◆ Work instruction
Begin at the line containing "Bague de fiançailles" and retype each line through the end of the records exactly. Include nothing else and no pictures.
----
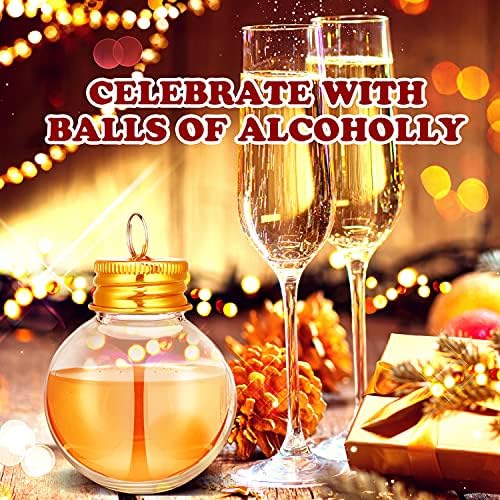 Christmas Booze Balls Christmas Fillable Booze Tree Ornaments Water Bottle Bulbs Shape Plastic Clear Christmas Ornaments Pendant Ball Bell for Home Party Decor Supplies (Gold Lid, 18)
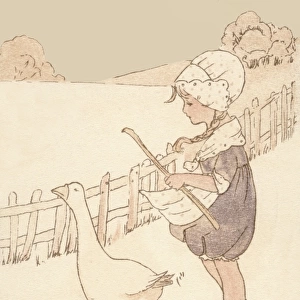 Girl with goose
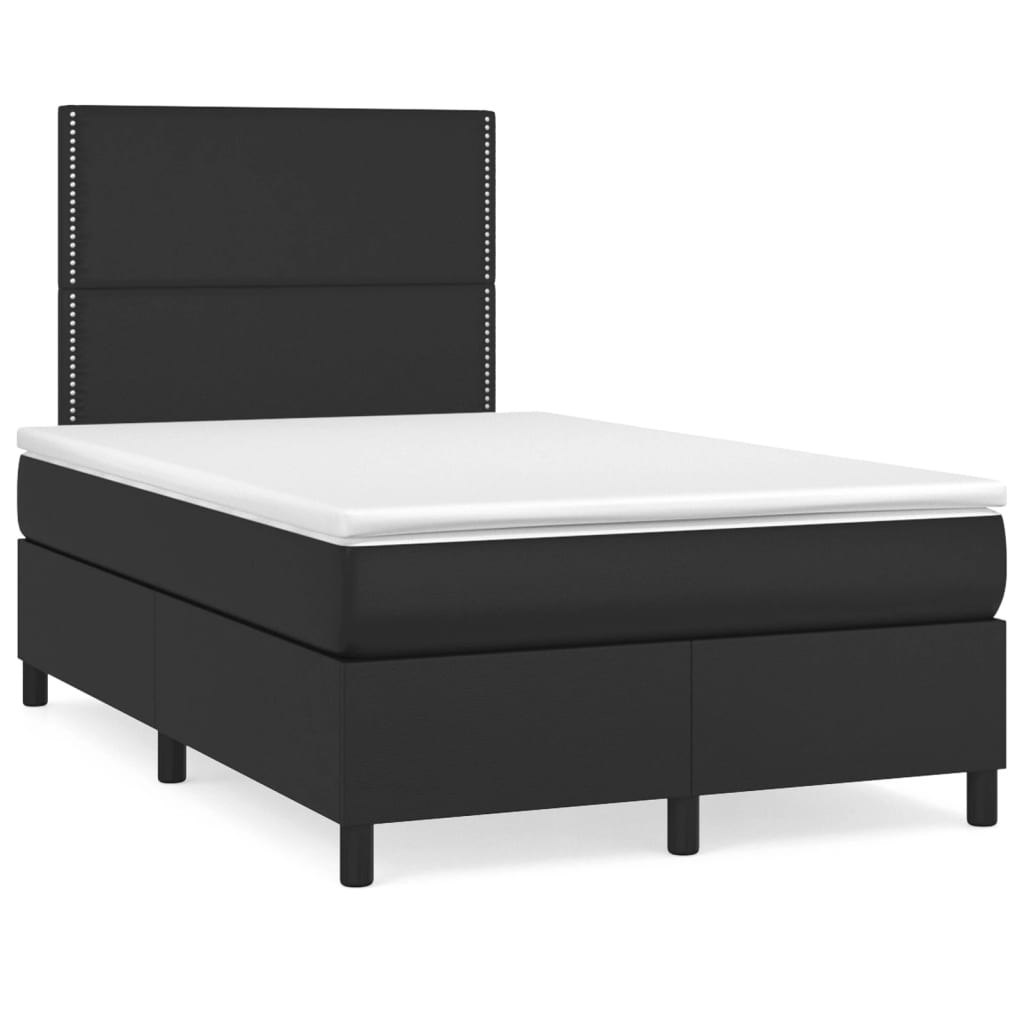 Łóżko kontynentalne z materacem i LED, czarne, 120x190 cm Lumarko!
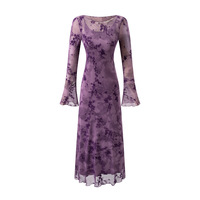 Retro mesh flocking jacquard round neck trumpet sleeve dress - Thumbnail 6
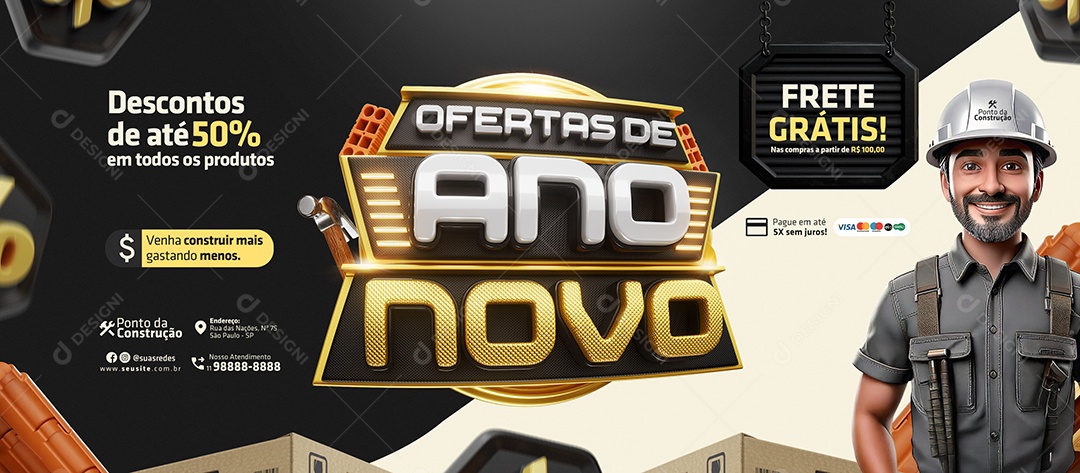 Banner Ofertas de Ano Novo Construção Frete Grátis Social Media PSD Editável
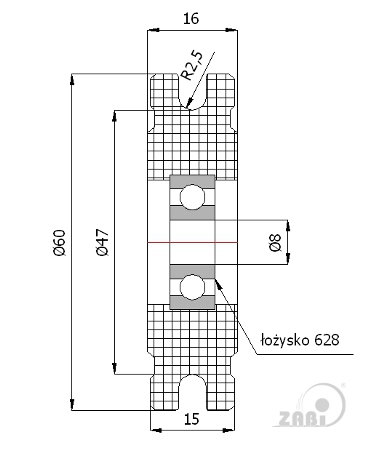 Kladka plastová s ložiskem 60 mm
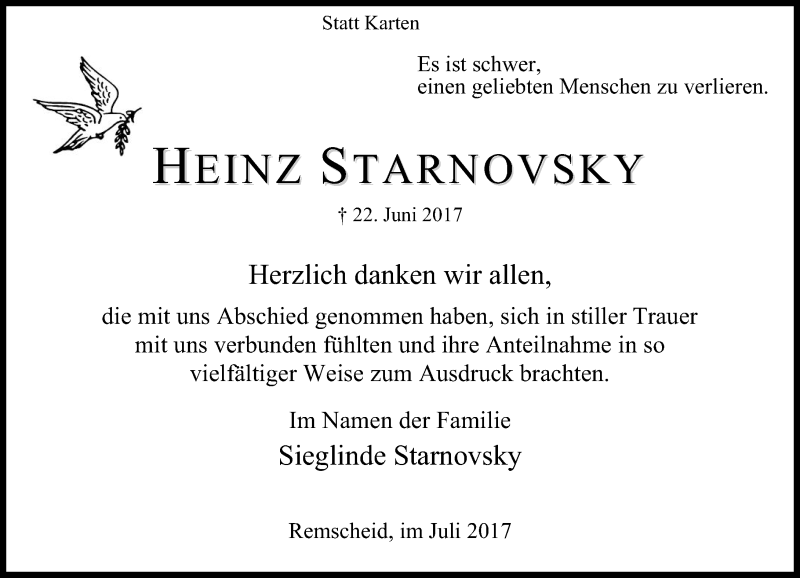  Traueranzeige für Heinz Starnovsky vom 24.07.2017 aus Rheinische Post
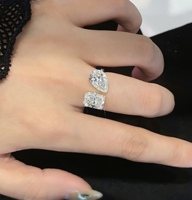 Bague de fiançailles et d'éternité ICEWALD IGI en or 18 carats PT950 avec diamant de laboratoire de 2 carats couleur D taille radiant, style polyvalent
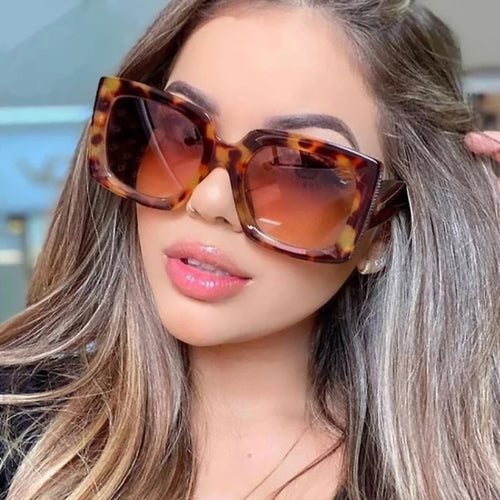 Vintage Square Sunglasses Women  Brand Designer Sexy Lady Big Frame Oversized Sun Glasses Travel Shades Eyewear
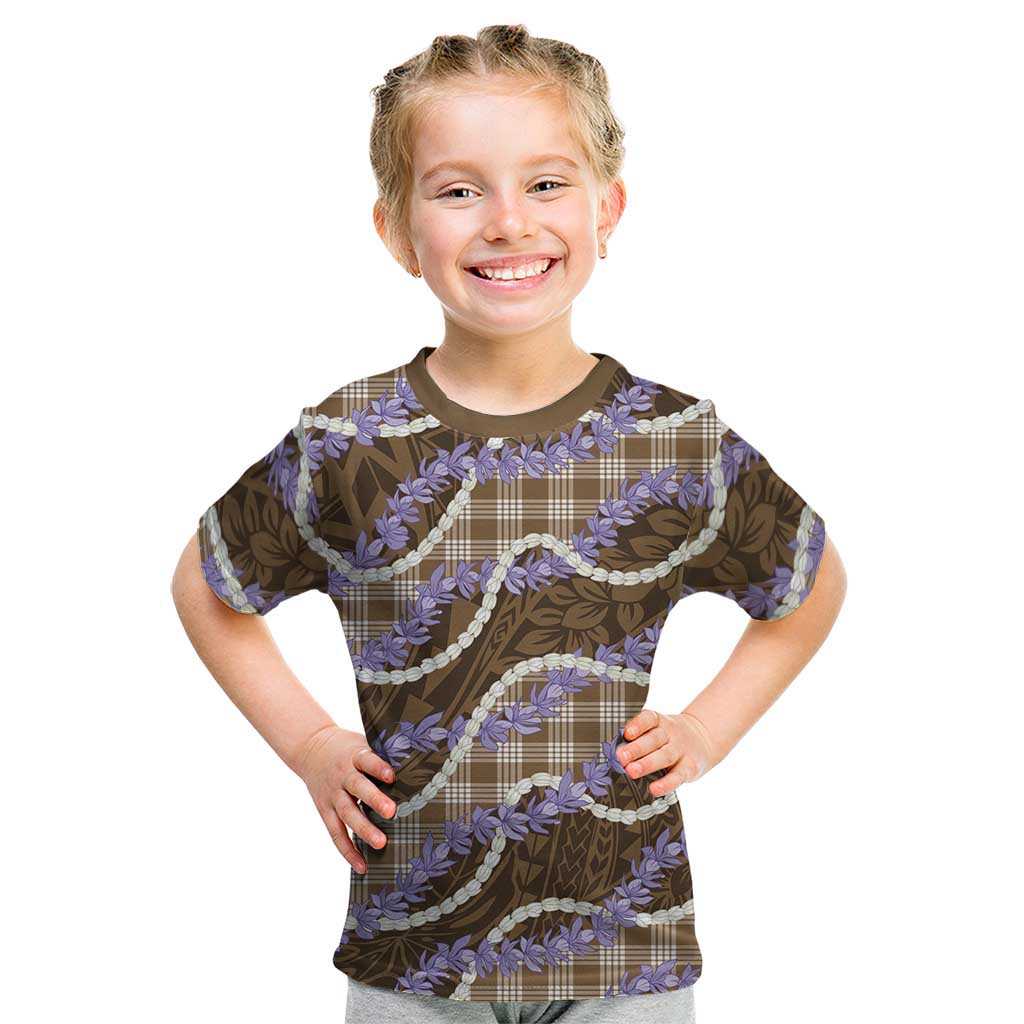 Brown Hawaii Palaka Honohono Pikake Kid T Shirt Hawaiian Orchid Lei Polynesian Pattern LT14 Brown - Polynesian Pride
----
◆ Exercise solution
 Bague de fiançailles et d'éternité ICEWALD IGI en or 18 carats PT950 avec diamant de laboratoire de 2 carats couleur D taille radiant, style polyvalent
 Vintage Square Sunglasses Women  Brand Designer Sexy Lady Big Frame Oversized Sun Glasses Travel Shades Eyewear
 Brown Hawaii Palaka Honohono Pikake Kid T Shirt Hawaiian Orchid Lei Polynesian Pattern LT14 Brown - Polynesian Pride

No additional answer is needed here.